ENTRIES PROVIDED
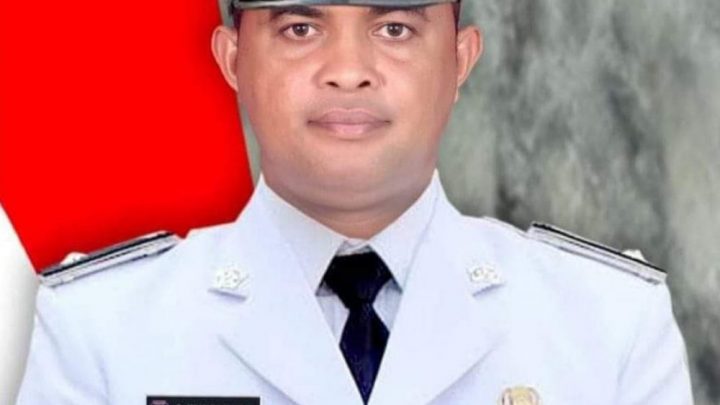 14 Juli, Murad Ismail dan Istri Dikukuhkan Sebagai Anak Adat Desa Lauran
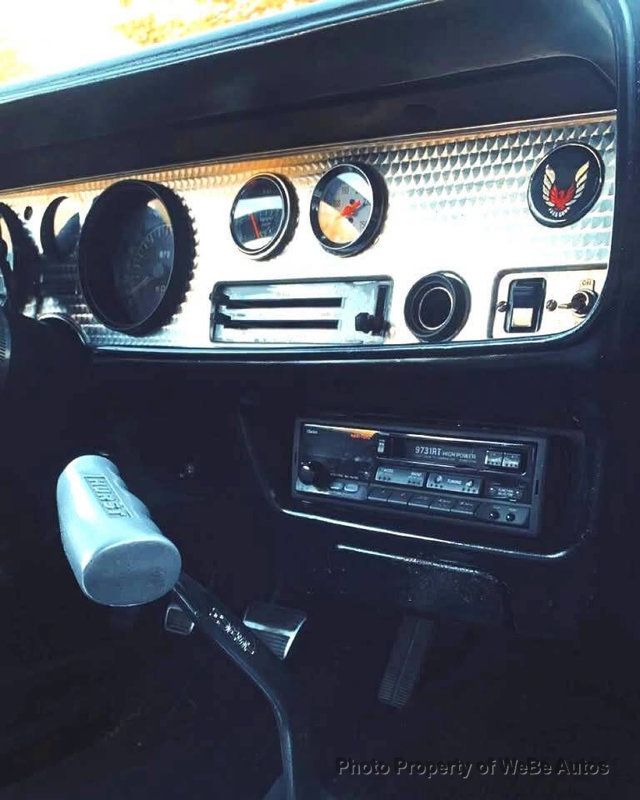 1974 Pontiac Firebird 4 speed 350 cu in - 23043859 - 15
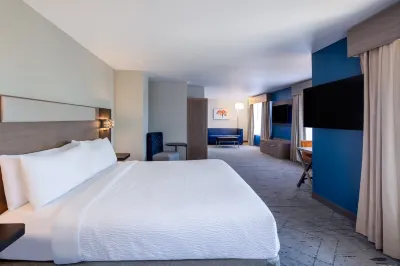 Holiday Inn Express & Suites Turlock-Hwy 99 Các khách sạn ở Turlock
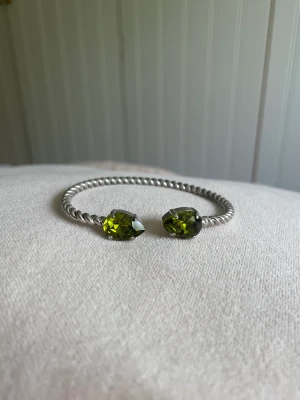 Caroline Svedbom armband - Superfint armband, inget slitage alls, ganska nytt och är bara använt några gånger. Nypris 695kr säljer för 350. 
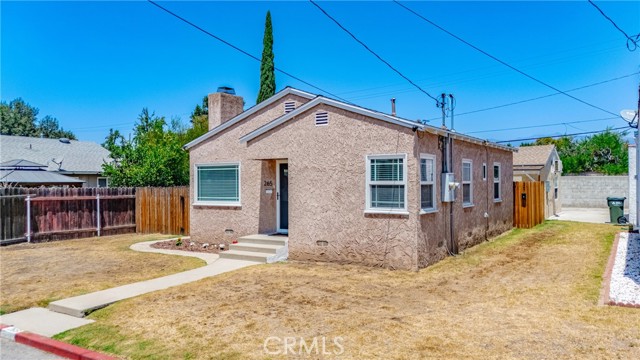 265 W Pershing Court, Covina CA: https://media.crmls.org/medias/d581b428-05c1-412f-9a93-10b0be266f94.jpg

WHAT THE TASK REQUIRES
Set down the data again, exactly, without images.

TASK SOLUTION
 14 Juli, Murad Ismail dan Istri Dikukuhkan Sebagai Anak Adat Desa Lauran
 1974 Pontiac Firebird 4 speed 350 cu in - 23043859 - 15
 Holiday Inn Express & Suites Turlock-Hwy 99 Các khách sạn ở Turlock
 Caroline Svedbom armband - Superfint armband, inget slitage alls, ganska nytt och är bara använt några gånger. Nypris 695kr säljer för 350. 
 265 W Pershing Court, Covina CA: https://media.crmls.org/medias/d581b428-05c1-412f-9a93-10b0be266f94.jpg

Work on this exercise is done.